Would you write out all of the records that follow, exactly as they stand?

(Records from a data collection)
-=-=-

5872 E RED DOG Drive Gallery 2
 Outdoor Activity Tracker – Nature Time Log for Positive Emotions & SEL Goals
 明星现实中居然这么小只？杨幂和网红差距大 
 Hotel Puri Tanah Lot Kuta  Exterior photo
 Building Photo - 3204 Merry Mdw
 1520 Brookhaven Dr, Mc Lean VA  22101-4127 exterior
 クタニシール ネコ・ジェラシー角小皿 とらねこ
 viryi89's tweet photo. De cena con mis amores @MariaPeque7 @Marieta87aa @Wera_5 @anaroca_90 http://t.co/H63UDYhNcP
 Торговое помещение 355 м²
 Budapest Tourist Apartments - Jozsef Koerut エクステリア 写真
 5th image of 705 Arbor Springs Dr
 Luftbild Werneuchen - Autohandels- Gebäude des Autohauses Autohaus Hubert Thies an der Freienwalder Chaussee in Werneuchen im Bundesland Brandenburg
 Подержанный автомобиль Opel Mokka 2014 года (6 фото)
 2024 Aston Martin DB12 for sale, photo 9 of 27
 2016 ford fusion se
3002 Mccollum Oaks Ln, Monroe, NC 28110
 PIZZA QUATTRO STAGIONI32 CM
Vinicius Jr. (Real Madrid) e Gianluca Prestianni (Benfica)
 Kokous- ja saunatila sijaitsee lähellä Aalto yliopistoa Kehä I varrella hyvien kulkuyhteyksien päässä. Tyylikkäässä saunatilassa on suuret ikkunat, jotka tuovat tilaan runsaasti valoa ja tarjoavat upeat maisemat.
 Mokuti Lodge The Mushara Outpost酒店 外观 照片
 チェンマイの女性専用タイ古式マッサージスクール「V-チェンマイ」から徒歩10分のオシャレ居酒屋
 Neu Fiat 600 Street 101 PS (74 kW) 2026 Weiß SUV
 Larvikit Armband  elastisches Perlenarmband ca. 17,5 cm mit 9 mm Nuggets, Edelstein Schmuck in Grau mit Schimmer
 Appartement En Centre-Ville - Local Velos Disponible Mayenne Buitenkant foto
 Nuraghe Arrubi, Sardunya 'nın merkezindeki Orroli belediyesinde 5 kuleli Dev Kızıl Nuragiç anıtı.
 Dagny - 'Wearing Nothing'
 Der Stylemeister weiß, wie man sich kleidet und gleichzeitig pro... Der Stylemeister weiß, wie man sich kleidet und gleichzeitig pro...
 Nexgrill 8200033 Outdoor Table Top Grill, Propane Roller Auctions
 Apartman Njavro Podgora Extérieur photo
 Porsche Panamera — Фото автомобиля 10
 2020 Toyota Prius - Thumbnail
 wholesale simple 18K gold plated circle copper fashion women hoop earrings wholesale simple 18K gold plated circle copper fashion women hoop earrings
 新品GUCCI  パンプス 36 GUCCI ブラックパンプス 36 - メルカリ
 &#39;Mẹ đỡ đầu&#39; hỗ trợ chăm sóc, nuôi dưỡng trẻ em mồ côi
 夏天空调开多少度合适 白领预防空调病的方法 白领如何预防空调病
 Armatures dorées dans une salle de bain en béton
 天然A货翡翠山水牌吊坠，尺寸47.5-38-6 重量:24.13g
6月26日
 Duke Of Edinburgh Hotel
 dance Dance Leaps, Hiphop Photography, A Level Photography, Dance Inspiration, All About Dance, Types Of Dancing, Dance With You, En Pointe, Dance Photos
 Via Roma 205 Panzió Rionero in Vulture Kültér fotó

-=-=-

REPLY:
5872 E RED DOG Drive Gallery 2
 Outdoor Activity Tracker – Nature Time Log for Positive Emotions & SEL Goals
 明星现实中居然这么小只？杨幂和网红差距大 
 Hotel Puri Tanah Lot Kuta  Exterior photo
 Building Photo - 3204 Merry Mdw
 1520 Brookhaven Dr, Mc Lean VA  22101-4127 exterior
 クタニシール ネコ・ジェラシー角小皿 とらねこ
 viryi89's tweet photo. De cena con mis amores @MariaPeque7 @Marieta87aa @Wera_5 @anaroca_90 http://t.co/H63UDYhNcP
 Торговое помещение 355 м²
 Budapest Tourist Apartments - Jozsef Koerut エクステリア 写真
 5th image of 705 Arbor Springs Dr
 Luftbild Werneuchen - Autohandels- Gebäude des Autohauses Autohaus Hubert Thies an der Freienwalder Chaussee in Werneuchen im Bundesland Brandenburg
 Подержанный автомобиль Opel Mokka 2014 года (6 фото)
 2024 Aston Martin DB12 for sale, photo 9 of 27
 2016 ford fusion se
3002 Mccollum Oaks Ln, Monroe, NC 28110
 PIZZA QUATTRO STAGIONI32 CM
Vinicius Jr. (Real Madrid) e Gianluca Prestianni (Benfica)
 Kokous- ja saunatila sijaitsee lähellä Aalto yliopistoa Kehä I varrella hyvien kulkuyhteyksien päässä. Tyylikkäässä saunatilassa on suuret ikkunat, jotka tuovat tilaan runsaasti valoa ja tarjoavat upeat maisemat.
 Mokuti Lodge The Mushara Outpost酒店 外观 照片
 チェンマイの女性専用タイ古式マッサージスクール「V-チェンマイ」から徒歩10分のオシャレ居酒屋
 Neu Fiat 600 Street 101 PS (74 kW) 2026 Weiß SUV
 Larvikit Armband  elastisches Perlenarmband ca. 17,5 cm mit 9 mm Nuggets, Edelstein Schmuck in Grau mit Schimmer
 Appartement En Centre-Ville - Local Velos Disponible Mayenne Buitenkant foto
 Nuraghe Arrubi, Sardunya 'nın merkezindeki Orroli belediyesinde 5 kuleli Dev Kızıl Nuragiç anıtı.
 Dagny - 'Wearing Nothing'
 Der Stylemeister weiß, wie man sich kleidet und gleichzeitig pro... Der Stylemeister weiß, wie man sich kleidet und gleichzeitig pro...
 Nexgrill 8200033 Outdoor Table Top Grill, Propane Roller Auctions
 Apartman Njavro Podgora Extérieur photo
 Porsche Panamera — Фото автомобиля 10
 2020 Toyota Prius - Thumbnail
 wholesale simple 18K gold plated circle copper fashion women hoop earrings wholesale simple 18K gold plated circle copper fashion women hoop earrings
 新品GUCCI  パンプス 36 GUCCI ブラックパンプス 36 - メルカリ
 &#39;Mẹ đỡ đầu&#39; hỗ trợ chăm sóc, nuôi dưỡng trẻ em mồ côi
 夏天空调开多少度合适 白领预防空调病的方法 白领如何预防空调病
 Armatures dorées dans une salle de bain en béton
 天然A货翡翠山水牌吊坠，尺寸47.5-38-6 重量:24.13g
6月26日
 Duke Of Edinburgh Hotel
 dance Dance Leaps, Hiphop Photography, A Level Photography, Dance Inspiration, All About Dance, Types Of Dancing, Dance With You, En Pointe, Dance Photos
 Via Roma 205 Panzió Rionero in Vulture Kültér fotó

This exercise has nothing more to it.